Next we do a word count and populate the zero values dictionary

In [24]:
for i, s in enumerate(train.SMS):
    for k in s:
        dic_words[k][i]+=1

In [25]:
word_df = pd.DataFrame(dic_words)
word_df.shape

(4458, 7783)

In [26]:
train_words = pd.concat([train, word_df], axis = 1)
train_words.shape

(4458, 7786)

In [27]:
train_words.columns

Index(['index', 'Label', 'SMS', '0', '00', '000', '000pes', '008704050406',
       '0089', '01223585334',
       ...
       'zindgi', 'zoe', 'zogtorius', 'zouk', 'zyada', 'é', 'ú1', 'ü', '〨ud',
       '鈥'],
      dtype='object', length=7786)

## Calculating Constants First

In [28]:
# N_ham = 
ham = train_words[train_words.Label == 'ham']
spam = train_words[train_words.Label == 'spam']
#.sum())
# N_spam = sum(train_words[train_words.Label == 'spam'].iloc[:,3:].sum())
# N_vocab = len(vocabulary)

In [34]:
p_spam = train_words.Label.value_counts(normalize = True)['spam']
p_ham = train_words.Label.value_counts(normalize = True)['ham']
print('p_spam = ', p_spam, '\n', 'p_ham = ', p_ham)

p_spam =  0.13458950201884254 
 p_ham =  0.8654104979811574


In [30]:
N_ham = sum(ham.SMS.apply(len))
N_spam = sum(spam.SMS.apply(len))
N_vocab = len(vocabulary)


In [35]:
print('N_ham = ',N_ham,'\n',
      'N_spam = ',N_spam, '\n',
      'N_vocab = ', N_vocab,'\n',
      )

N_ham =  57237 
 N_spam =  15190 
 N_vocab =  7783 



In [36]:
a = 1

## Calculating Parameters

Now that we have the constant terms calculated above, we can move on with calculating the parameters P(w_i|Spam) and P(w_i|Ham). Each parameter will thus be a conditional probability value associated with each word in the vocabulary.

First we initialize two dictionaries, where each key-value pair is a unique word (from our vocabulary) represented as a string, and the value is 0.

In [40]:
spam_words = {i:0 for i in vocabulary}
nonspam_words = {i:0 for i in vocabulary}


Next we iterate over the vocabulary, and, for each word we calculate P(wi|Spam) and P(wi|Ham)

In [41]:
for i in vocabulary:
    Ni_spam = spam[i].sum()
    Ni_ham = ham[i].sum()
    spam_words[i] = (Ni_spam + a)/(N_spam +a*N_vocab)
    nonspam_words[i] = (Ni_ham + a)/(N_ham + a*N_vocab)

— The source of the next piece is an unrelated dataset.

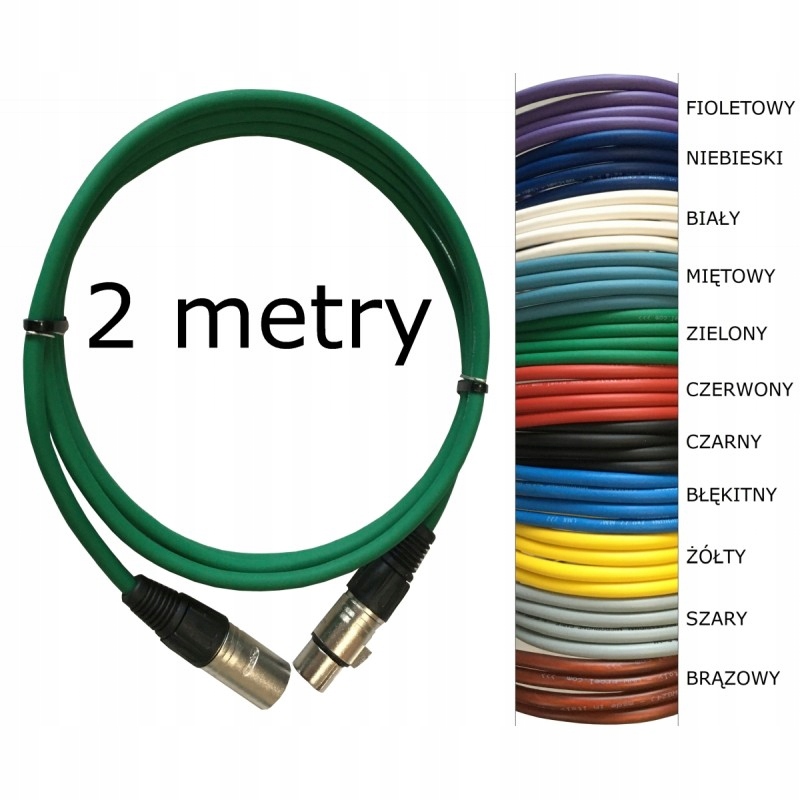 Przewód mikrofonowy zielony 2 m Xlr ręcznie lutowany złącza Proel/Rean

## Classifying A New Message

In [54]:
def classify(mes):
    import re
    mes = re.sub('\W', ' ', mes)
    mes = mes.lower()
    mes = mes.split()
    
    p_spam_given_mes = p_spam
    p_ham_given_mes = p_ham
    
    for i in mes:
        if i in spam_words:
            p_spam_given_mes *= spam_words[i]
        if i in nonspam_words:
            p_ham_given_mes *= nonspam_words[i]
            
    

    if p_ham_given_mes > p_spam_given_mes:
        return 'ham'
    elif p_ham_given_mes < p_spam_given_mes:
        return 'spam'
    else:
        return 'needs human classification'

Let's test the `classify` function with two messages - one obvious spam and one normal message.

In [55]:
classify("Sounds good, Tom, then see u there")

'ham'

In [56]:
classify('WINNER!! This is the secret code to unlock the money: C3421.')

'spam'

## Measuring the Spam Filter's Accuracy

Now we apply the `classify` function on the test set that we created at the beginning. We add a new column `prediction` with the result of the assessment of each message. Lastly we'll compare the prediction to the actual label to measure the accuracy of our function.

In [57]:
test.head()

Unnamed: 0,index,Label,SMS
0,2131,ham,Later i guess. I needa do mcat study too.
1,3418,ham,But i haf enuff space got like 4 mb...
2,3424,spam,Had your mobile 10 mths? Update to latest Oran...
3,1538,ham,All sounds good. Fingers . Makes it difficult ...
4,5393,ham,"All done, all handed in. Don't know if mega sh..."


In [58]:
test['prediction'] = test.SMS.apply(classify)

In [59]:
test.head()

Unnamed: 0,index,Label,SMS,prediction
0,2131,ham,Later i guess. I needa do mcat study too.,ham
1,3418,ham,But i haf enuff space got like 4 mb...,ham
2,3424,spam,Had your mobile 10 mths? Update to latest Oran...,spam
3,1538,ham,All sounds good. Fingers . Makes it difficult ...,ham
4,5393,ham,"All done, all handed in. Don't know if mega sh...",ham


In [74]:
correct = 0
total = test.shape[0]
for i, row in test.iterrows():
    if row['Label']==row['prediction']:
        correct += 1
accuracy = correct/test.shape[0]
print('Correct: ', correct, '\n'
     'Incorrect: ', total - correct, '\n'
     'Accuracy: ', accuracy)

Correct:  1100 
Incorrect:  14 
Accuracy:  0.9874326750448833


With accuracy of 98.7% our spam classification function seems ok.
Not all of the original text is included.